L'UOMO DELL'ANNO
 

recensione l'uomo dell'anno

 
L’uomo dell’anno, nuovo film del regista Barry Levinson, pone una irriverente domanda “Può un comico diventare presidente degli Stati Uniti?”. Potremmo rispondere di si, ripensando alle innumerevoli gags che hanno costellato l’amministrazione Bush. Probabilmente un comico già è diventato presidente degli Stati Uniti e ciò dimostrerebbe l’inevitabilità del potere. Perché se il potente è comico e sfiora il grottesco, questo vuol dire che il potere si regge indipendentemente da chi lo incarni. Ma il film non si preoccupa di questo. È una commedia che punta tutto sulla grande abilità di Robin Williams e sulle sue indubbie qualità clownesche. Dopo baby-sitter, peter pan uomini bicentenari, non poteva coronare meglio la sua carriera recitando egregiamente la parte di un comico che aspira niente di meno che alla Casa  
 
Bianca. Tom Dobbs, infatti, spopola con un talk show televisivo in cui fustiga tutti i politici indipendentemente dal loro orientamento. La sua è una lingua abituata a battere il tamburo, a mostrarsi sincera e tagliente agli occhi del pubblico. Di qui l’idea di candidarsi: la fama e la purezza d’animo sono doti più importanti di una certa competenza politica (e la cosa non ci stupisce vista la nutrita schiera di show-girls,  
attrici, saltimbanchi che popolano il nostro parlamento).

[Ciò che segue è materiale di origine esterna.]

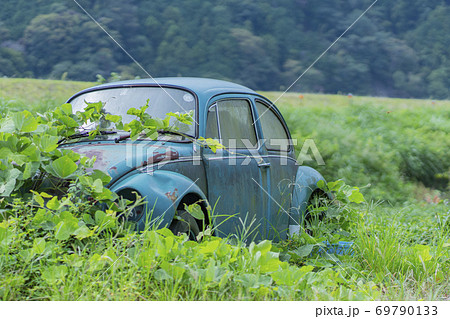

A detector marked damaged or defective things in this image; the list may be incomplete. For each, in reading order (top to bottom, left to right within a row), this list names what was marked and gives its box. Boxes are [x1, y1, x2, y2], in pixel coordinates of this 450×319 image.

rusty blue car [62, 79, 326, 241]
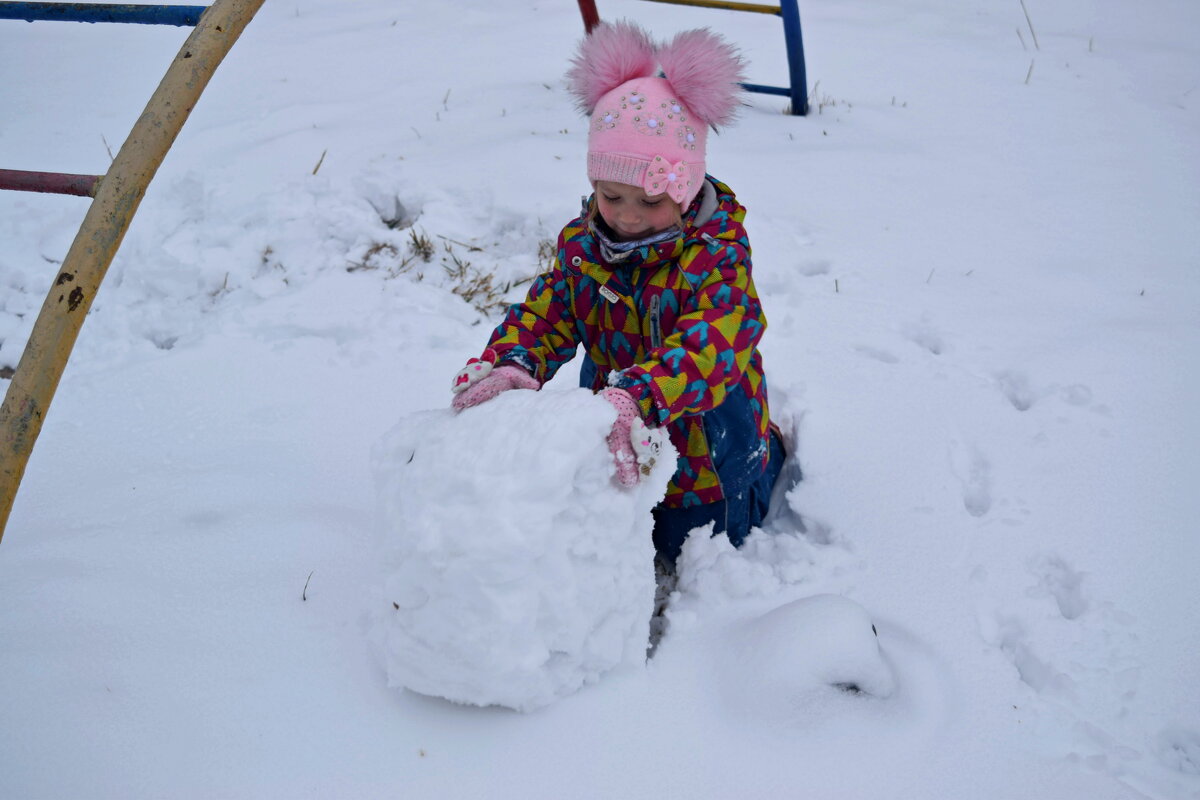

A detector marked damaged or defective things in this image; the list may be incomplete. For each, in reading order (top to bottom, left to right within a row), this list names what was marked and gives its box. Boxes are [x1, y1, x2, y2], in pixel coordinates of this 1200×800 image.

Sostenuto dal suo manager Jack Menken (il bravo Christopher Walzer) e da un furbo autore (Lewis Black) intraprende una brillante campagna elettorale che, tra una freddura e battuta poco pollitically correct, lo porterà dritto dritto alla vittoria. Tom Dobbs diventa il nuovo presidente degli Stati Uniti d’America. Ma, prima del suo discorso di insediamento alla Casa Bianca, viene informato del fatto che è diventato presidente solo grazie ad un errore del software. Quale decisione prendere? Tornare ad essere il comico Tom o entrare nell’ingranaggio politico come presidente Dobbs? Ma la domanda più inquietante che il film ci lascia è: abbiamo visto solo una divertente commedia o la cruda rappresentazione di una prassi consolidata?